## What you need to do
Leave the pictures out and return every line below exactly.
=== Section Start ===
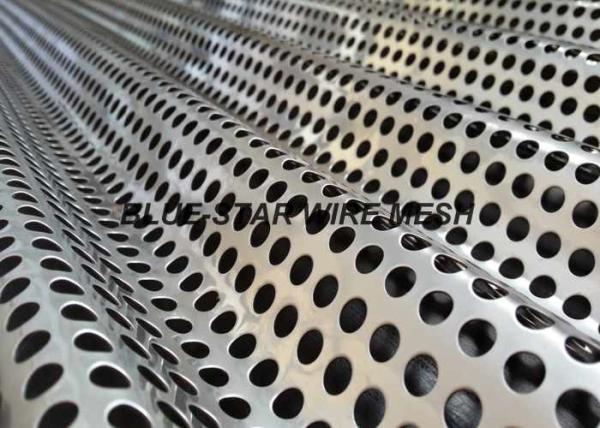 Anti - Static Corrugated Perforated Metal Sheet Sound Barrier Dust And Sunshine
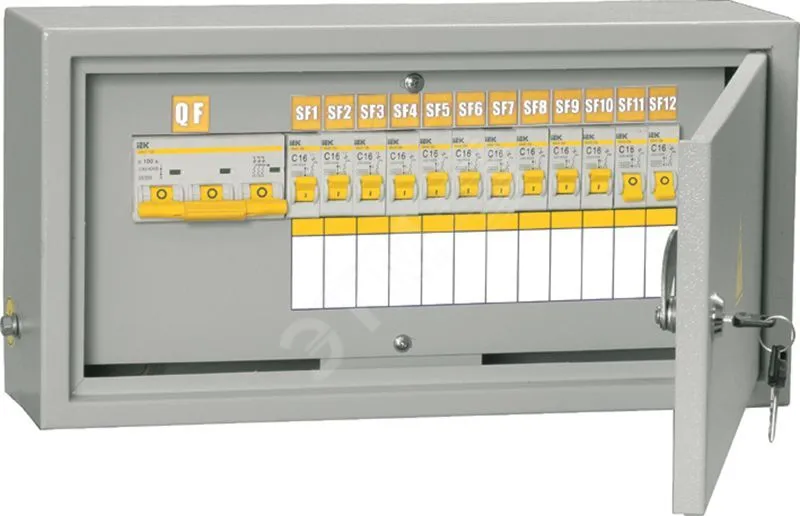 Щит ОЩВ-12/ОБЩ-3-100-12-0 (ВВ100А 12х16А) IP31 MSM10-3N-100-12-31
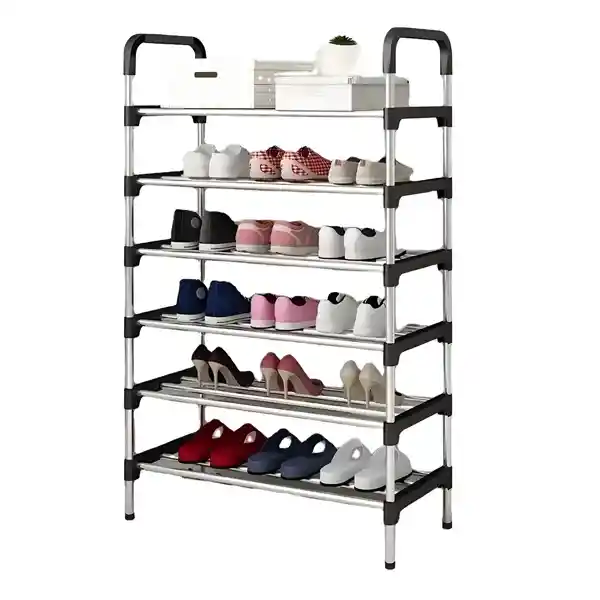 Zapatero Organizador Metálico 6 Niveles
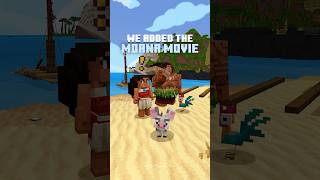 We added Moana 2 into Minecraft minecraft moana gaming ytshort bedrock [upl. by Bernita432]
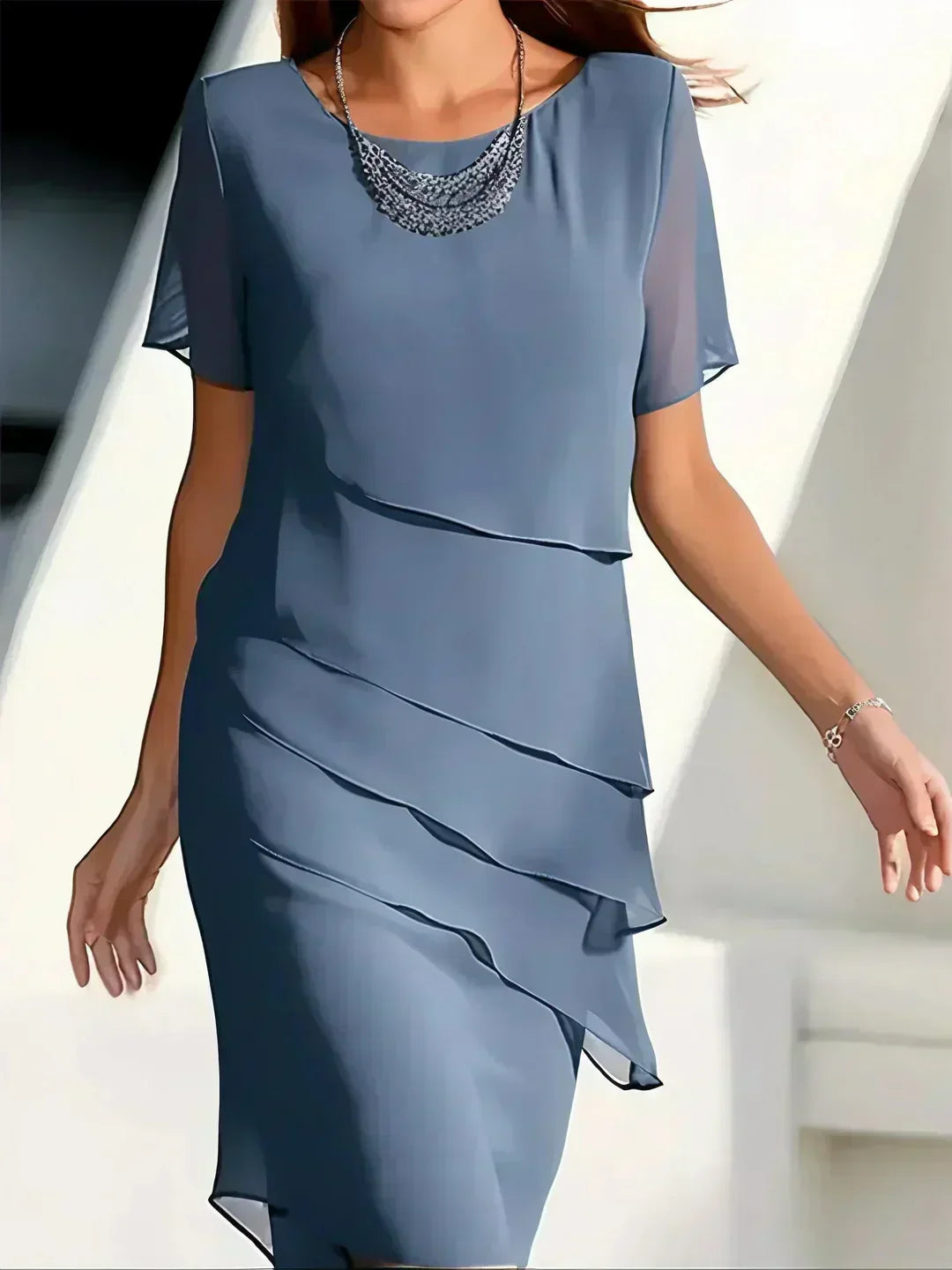 Brielle | Abito midi Leggero e Elegante per la Primavera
=== Section End ===
## Answer space
 Anti - Static Corrugated Perforated Metal Sheet Sound Barrier Dust And Sunshine
 Щит ОЩВ-12/ОБЩ-3-100-12-0 (ВВ100А 12х16А) IP31 MSM10-3N-100-12-31
 Zapatero Organizador Metálico 6 Niveles
 We added Moana 2 into Minecraft minecraft moana gaming ytshort bedrock [upl. by Bernita432]
 Brielle | Abito midi Leggero e Elegante per la Primavera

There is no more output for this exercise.